William P. Barr, Attorney General, et al. v. American Association of Political Consultants, No. 19-631. Petition for Certiorari granted January 8, 2020.
The near-universal adoption of cell phone telephony thirty years ago ushered in a new era of liberation from landline tethers, but not of freedom from unsolicited, unwanted, and not infrequently noisome automated calls and messages. Called (among other things) robo-calls, the perceived nuisance of such practices by telemarketers and others prompted Congress to enact the 1991 Telephone Consumer Protection Act, Pub. L. No. 102-243, 105 Stat. 2394.
The TCPA prohibits calling cell phones without consent absent an emergency. This gesture of federal consideration of individual interests has spawned a cavalcade of lawsuits challenging its meaning, including the instant case, in which certiorari was granted to determine whether an exception to the act which permits calls to collect a federal or federally guaranteed debt violates the First Amendment Free Speech Clause.
The Fourth Circuit, in an opinion issued in April, 2019 perceived that the TCPA and its government debt exception created constitutionally unacceptable content based restrictions but did not conclude that the entire statute was invalid, determining only that the federal debt exception ought to be severed and the rest of the statute left intact.
The federal government asserts that there is no First Amendment violation, as strict scrutiny analysis does not apply where the economic purpose of a federal debt call is grounded in the relationship between the federal government and a debtor and where the privacy protections foundational to the TCPA remain intact. Government speech not constrained by the First Amendment, should not be hamstrung by imposing the highest level of constitutional scrutiny where in essence commercial speech, subject only to limited review, is in issue.
The federal government argues that severability is wholly appropriate as the entire statute need not be done away with in order to address an exception to its general applicability.
The American Association of Political Consultants’ views are diametrically opposed on both grounds.
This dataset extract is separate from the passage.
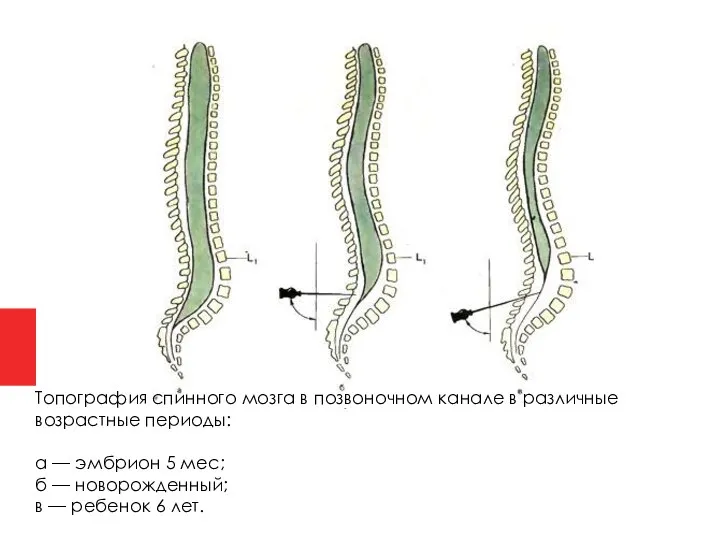 Топография спинного мозга в позвоночном канале в различные возрастные периоды: а —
The group asserts that it defies reason to classify debt collection calls as “purpose” based where the content of such calls is grounded in satisfying a debt. Where calls linked to federal debts are permitted and those linked to private debts are not, this, the association advocates, makes a distinction based on the content of calls.
It cannot be that severability is apt where the Fourth Circuit found the statute to be unconstitutional, the political consultants submit. Severing an exception to an unconstitutional statute works no remedy, they argue.
A scheduling order has not yet been published. There are two other petitions for certiorari pending in on related issues for which no action has been taken.